Boghossian said higher education has failed students by hiring biased and unqualified educators, squelching free speech and eliminating discussions between people with different ideologies. Universities also haven't protected educators' First Amendment rights, he said.
"People need to hear the other side of the argument, and they need to wrestle with the other side of the argument," Boghossian told Fox News.
In the last two decades, attempts to punish college scholars for their speech has skyrocketed from four in 2000 to 145 last year, according to a Foundation for Individual Rights and Expression (FIRE) survey published in April. Nearly three-quarters resulted in sanctions, and almost a quarter led to termination.
Boghossian also criticized universities focusing on diversity, equity and inclusion programs, saying they have led to more polarization.
DEI programs have aimed "to limit people's speech, to tell them what they can and cannot talk about, to make sure that they maintain the narrative," he said.
DEI offices have typically intended to help integrate a wider array of ethnicities and backgrounds into colleges while helping students achieve equal outcomes and feel comfortable at school. They often offer mentoring programs, events and other activities and recruit students and staff of different racial backgrounds to add diversity on campus.
But opponents have said such initiatives create race-based favoritism.
Boghossian told Fox News the University of Austin has broken from the mold of academic institutions beholden to DEI bureaucracies. While the college doesn't yet offer degrees, students can take the school's "forbidden classes" in Dallas.
"It's a class where diverse views, actually people who hold different opinions, are presented about topics we wouldn't or couldn't or shouldn't even talk about," Boghossian, one of the lecturers, previously told Fox News. "If you have a sincere question, you're welcome to ask that, even if some people may be offended by that question."

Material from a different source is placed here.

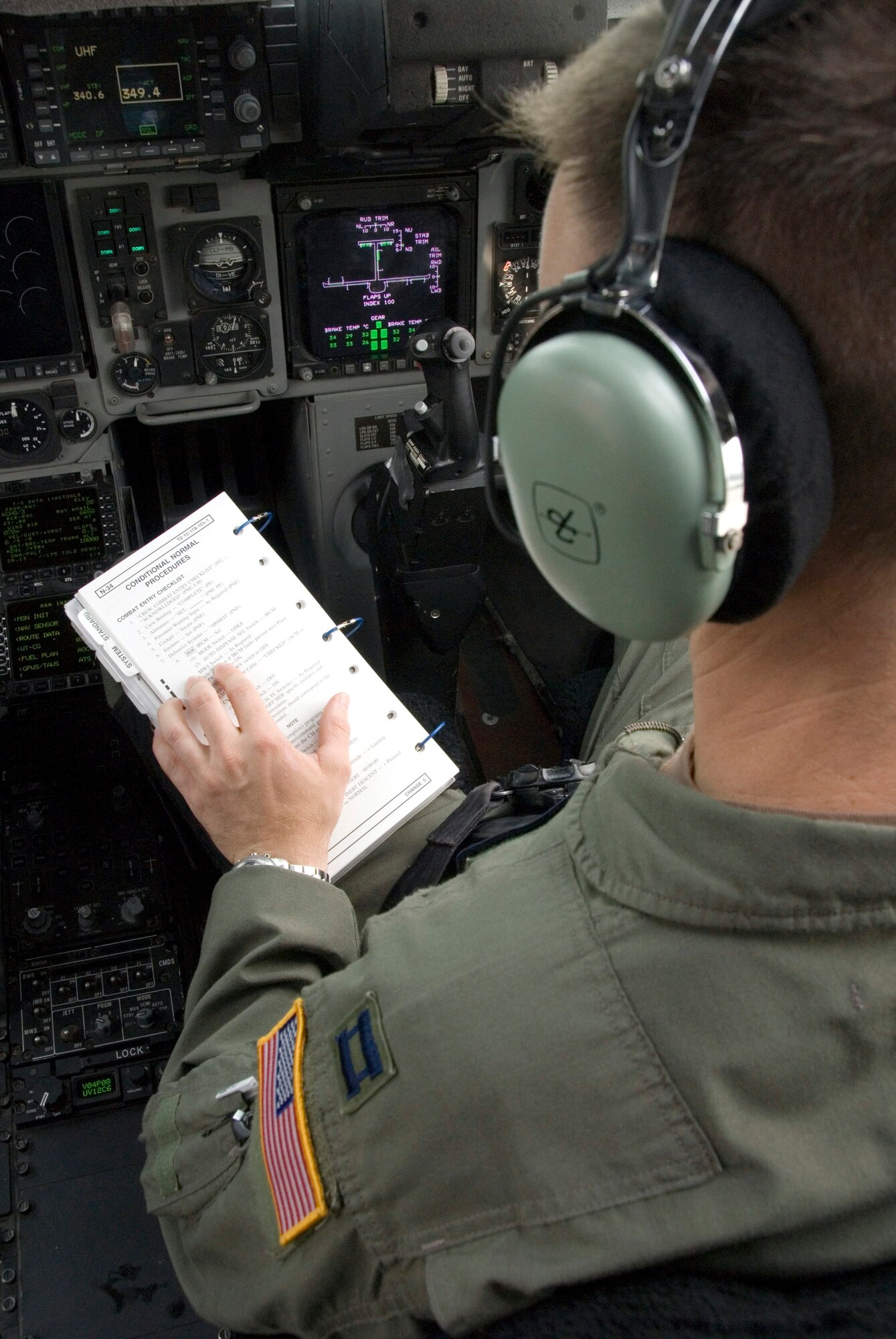 Capt. Jason Hughes reviews a checklist during a preflight check of a C-17 Globemaster III at Charleston Air Force Base, S.C., prior to takeoff.  Captain Hughes is a pilot in the 17th Airlift Squadron.  (U.S. Air Force photo/Senior Airman Sam Hymas)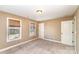 Neutral bedroom featuring carpet, closet, and large windows letting in natural light at 8137 Caliterra Dr, Charlotte, NC 28227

The philosophy professor told Fox News he hopes the University of Austin will help overcome "wokeism."
"We can regain the trust in our institutions," Boghossian said. "But this is not going to be easy, and it is going to be a long, slow march."
"You have to be willing to speak up when you hear an injustice, but you also have to be willing to understand what is the complaint," he said. "We just have to want to start talking to each other again."